#### RECORDED INFORMATION ####

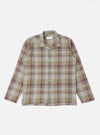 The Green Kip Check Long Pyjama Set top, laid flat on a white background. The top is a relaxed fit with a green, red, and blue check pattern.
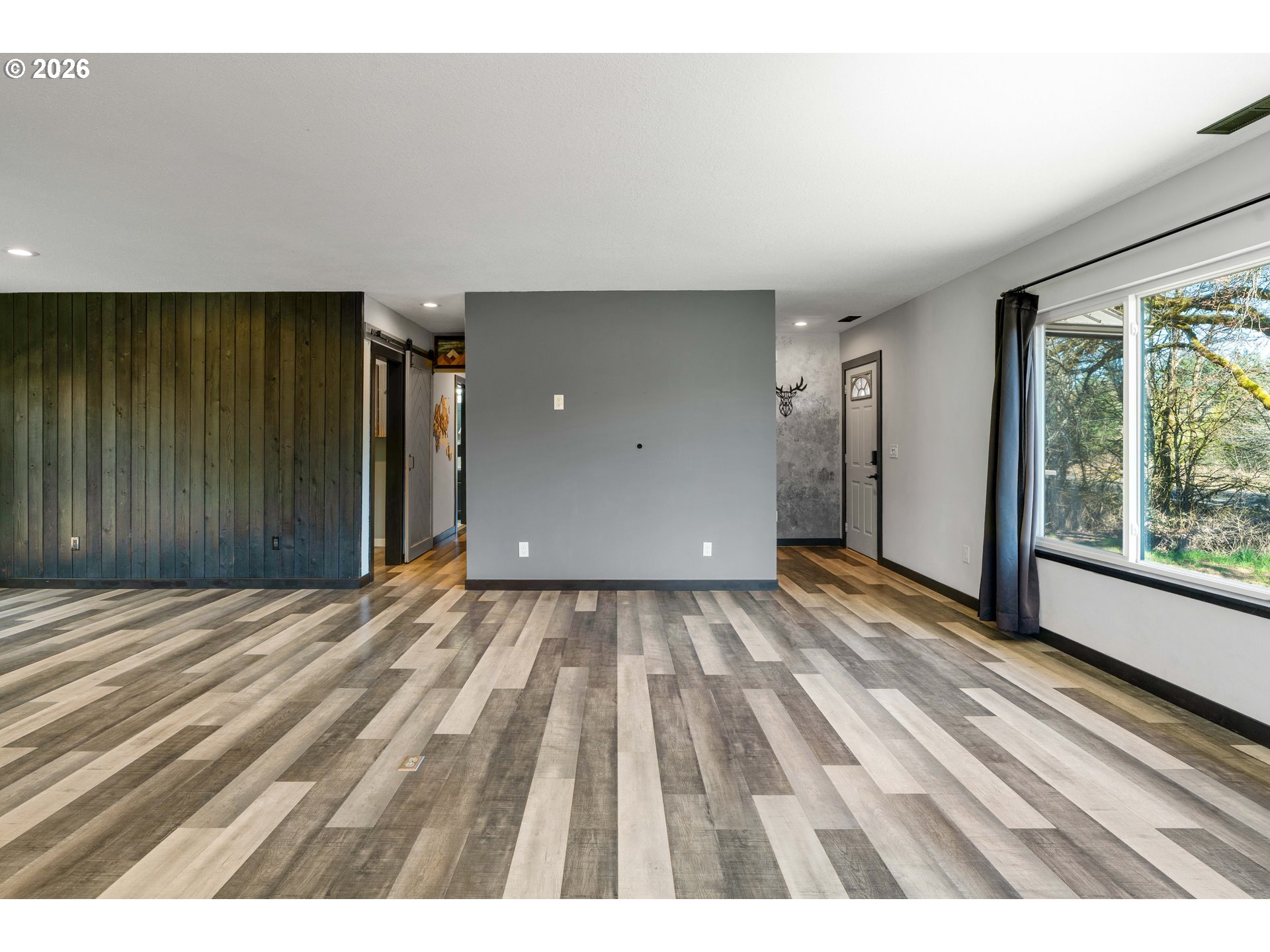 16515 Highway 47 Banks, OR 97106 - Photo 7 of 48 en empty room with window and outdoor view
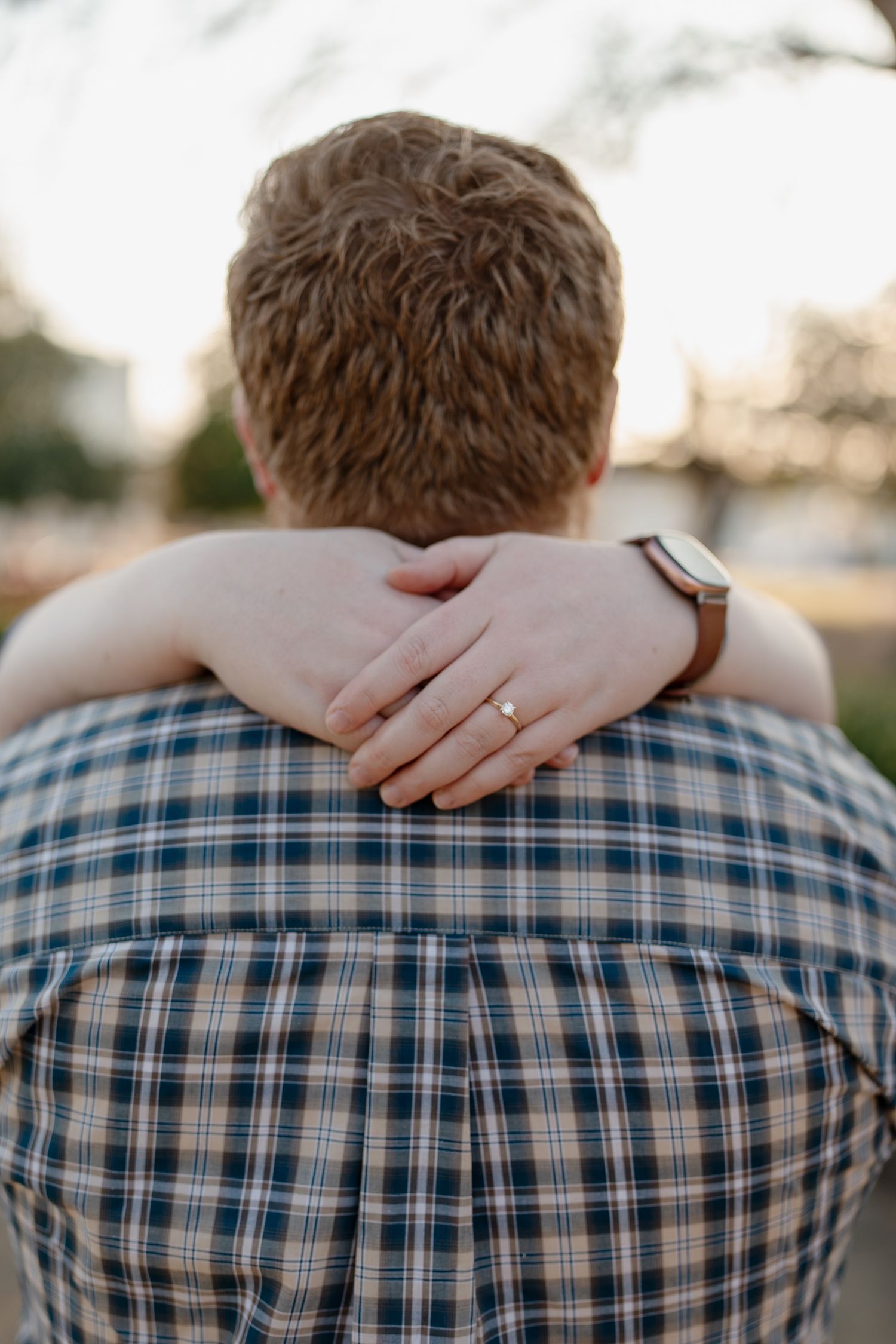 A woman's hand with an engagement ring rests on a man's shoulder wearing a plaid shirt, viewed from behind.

####

EXERCISE DETAILS: Skip the images and write out the rest of the listing exactly.

ANSWER SECTION:
 The Green Kip Check Long Pyjama Set top, laid flat on a white background. The top is a relaxed fit with a green, red, and blue check pattern.
 16515 Highway 47 Banks, OR 97106 - Photo 7 of 48 en empty room with window and outdoor view
 A woman's hand with an engagement ring rests on a man's shoulder wearing a plaid shirt, viewed from behind.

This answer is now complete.